According to one or more embodiments described herein, the image acquisition system 100 can also include a coordinate measurement device 103, which can be in communication, via a wired and/or wireless link, to one or both of the processing system 102 and/or the camera 104. The coordinate measurement device 103 is a metrology device that measures three-dimensional (3D) coordinates of an environment. For example, the coordinate measurement device 103 can use an optical process for acquiring coordinates of surfaces. Metrology devices of this category include, but are not limited to time-of-flight (TOF) laser scanners, laser trackers, laser line probes, photogrammetry devices, triangulation scanners, structured light scanners, or systems that use a combination of the foregoing. Examples of such metrology devices are described and shown in co-owned U.S. Patent Publication No. 2022/0137225 entitled “THREE DIMENSIONAL MEASUREMENT DEVICE HAVING A CAMERA WITH A FISHEYE LENS” which is incorporated by reference herein in its entirety.
In an embodiment, the camera 104 is an ultra-wide angle camera that includes a sensor 110 (FIG. 1B), that includes an array of photosensitive pixels. The sensor 110 is arranged to receive light from a lens 112. In the illustrated embodiment, the lens 112 is an ultra-wide angle lens that provides (in combination with the sensor 110) a field of view θ between substantially 100 and substantially 270 degrees. In an embodiment, the field of view θ is greater than substantially 180 degrees and less than substantially 270 degrees about an optical axis. It should be appreciated that while embodiments herein describe the lens 112 as a single lens, this is for examplary purposes and the lens 112 includes a plurality of optical elements in other embodiments. It should be further appreciated that in other embodiments, the field of view is greater than 63 degrees, less than 180 degrees, or between 63 degrees and 180 degrees for example.
In an embodiment, the camera 104 includes a pair of sensors 110A, 110B that are arranged to receive light from ultra-wide angle lenses 112A, 112B respectively (FIG. 1C).

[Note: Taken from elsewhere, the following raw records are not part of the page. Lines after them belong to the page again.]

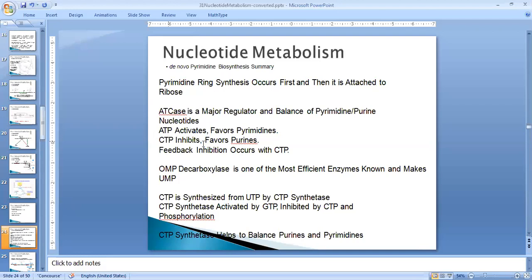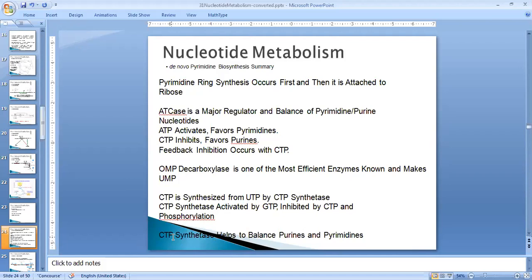ATP activates ATCase and favors pyrimidine synthesis, whereas CTP inhibits ATCase and favors purine synthesis. OMP decarboxylase is one of the most efficient enzymes known, synthesizing UMP. CTP is synthesized from UTP by CTP synthetase, which is activated by GTP and inhibited by CTP and by phosphorylation at two sites. The two key enzymes ATCase and CTP synthetase work together to balance purine and pyrimidine production in the cell.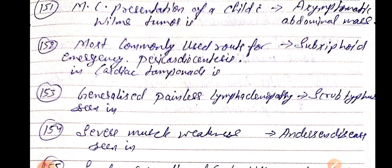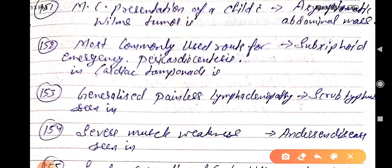Good evening doctors, welcome again. Today we are going to discuss NEET PG 2021 important one-liners, this is Part 16. Most common presentation of a child with Wilms tumor is asymptomatic abdominal mass.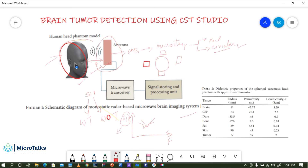This variation in the reflection coefficient is due to the electrical properties of the different layers inside the phantom. The layers include CSF, dura, bone, fat, and skin, with the tumor also placed inside. Each layer has a different permittivity and conductivity value. This difference in electrical properties — permittivity and conductivity — produces a significant change in the S11 value, which is what we analyze.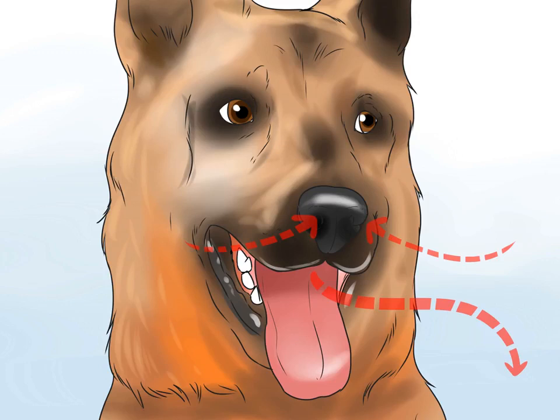Canine distemper is a virus that affects the skin, brain, eyes, respiratory, and intestinal organs of dogs. Though it is a highly infectious disease, it is entirely preventable by vaccination. Dogs of all ages are at risk, though it mostly affects puppies under the age of 6 months. There are ways to recognize the symptoms so you can get your dog treated.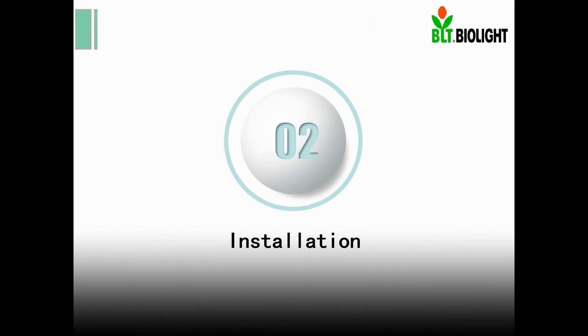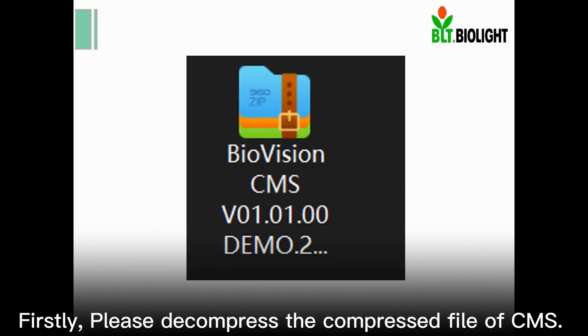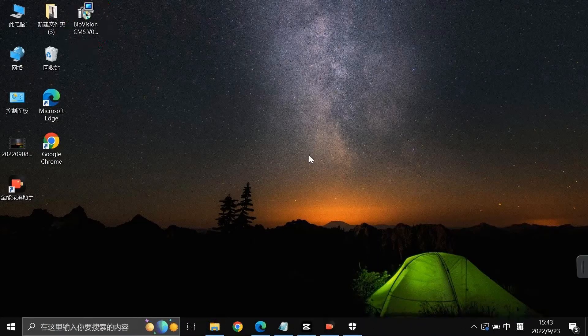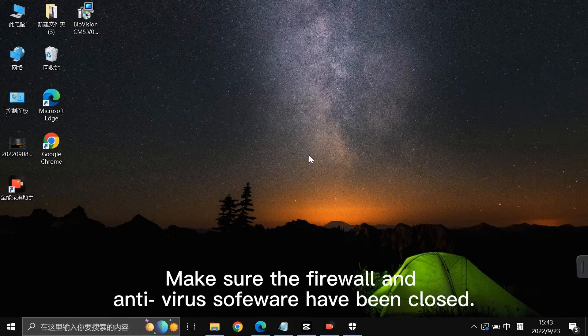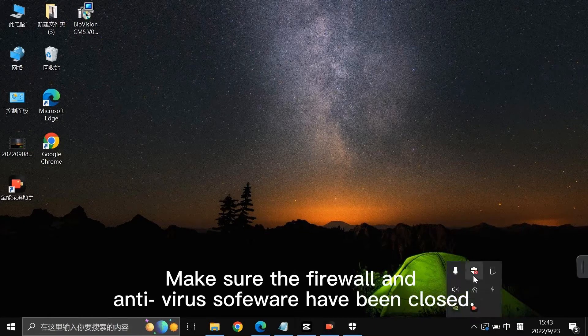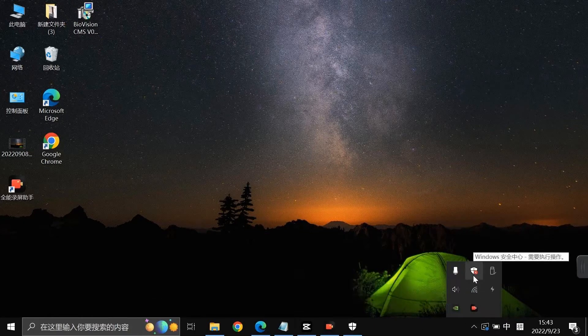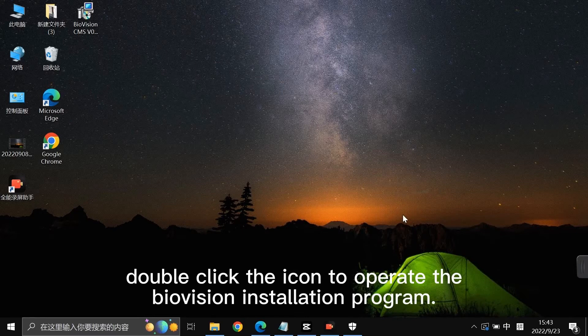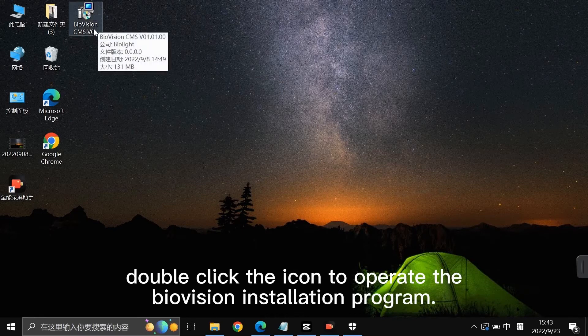Installation. Firstly, please decompress the compressed file of CMS. Then you will get an installation program of BioVision. Make sure the firewall and antivirus software have been closed. Double-click the icon to operate the BioVision installation program.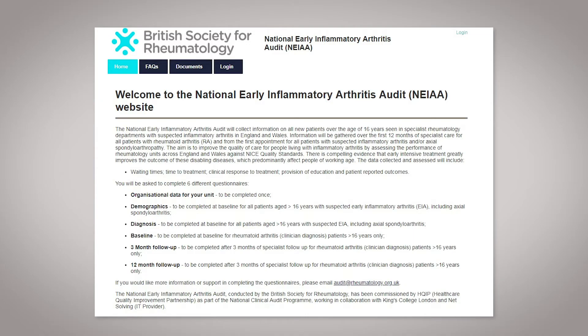Thank you for engaging with the new National Early Inflammatory Arthritis Audit. We are asking you to provide information on all patients referred with suspected early inflammatory arthritis via our website. We have designed the website so uploading information should be quick and easy.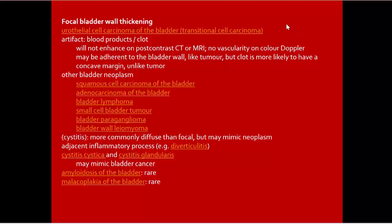Focal bladder wall thickening — first cause is urothelial cell carcinoma of the bladder, transitional cell carcinoma. Also blood products or clot, where the wall does not enhance. Blood products and clots will not enhance on post-contrast CT or MR, and show no vascularity on power Doppler. A clot may be adherent to the bladder wall like a tumor, but a clot is more likely to have a concave margin unlike tumor.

The sensor 110A and lens 112A are arranged to acquire images in a first direction and the sensor 110B and lens 112B are arranged to acquire images in a second direction. In the illustrated embodiment, the second direction is opposite the first direction (e.g. substantially 180 degrees apart). A camera having opposingly arranged sensors and lenses with at least substantially 180 degree field of view are sometimes referred to as an omnidirectional camera, 360 degree camera, or a panoramic camera as it acquires an image in a substantially 360 degree volume about the camera. It should further be appreciated that while embodiments herein refer to a “camera,” any suitable image acquisition device having a wide angle field of view (e.g., greater than 63 degrees) may be used without deviating from the teachings provided herein.
It should be appreciated that when the field of view is greater than substantially 180 degrees, there will be an overlap 120, 122 between the acquired images 124, 126 as shown in FIG. 1D′ and FIG. 1E′. In some embodiments, the images are combined to form a single image 128 of at least a substantial portion of the spherical volume about the camera 104 as shown in FIG. 1F.
It should be appreciated that, as sequences of omnidirectional images and/or omnidirectional videos are captured (e.g., by the camera 104), such images (which are frames of spherical videos) are stitched together to form spherical images, for example, which are generally geometrically inaccurate due to the nature of the lenses used in the capturing devices. Moreover, the capturing device (e.g., the camera 104) passes through areas of an environment where it is dark or where few visual features exist. For example, an indoor hallway with few doors or other features causes drift to occur for tracking the capturing device. As another example, an outdoor area where buildings are similar (e.g., apartments, townhomes, row houses, etc.) causes drift to occur for tracking the capturing device because the features are difficult to distinguish from one another. It is difficult to perform tracking in such places (e.g., dark portions of an environment or where few visual features exist). Tracking refers to detecting the pose of the capturing device during tracking where the pose refers position and orientation of the capturing device. The position is a point in space of the capturing device denoted by three coordinates (x, y, z), which are local coordinates for a local coordinate system or world coordinates for a world coordinate system in various instances. The orientation refers to how the device is oriented at the position relative to the environment and can be expressed in terms of pitch, roll, and yaw, for example.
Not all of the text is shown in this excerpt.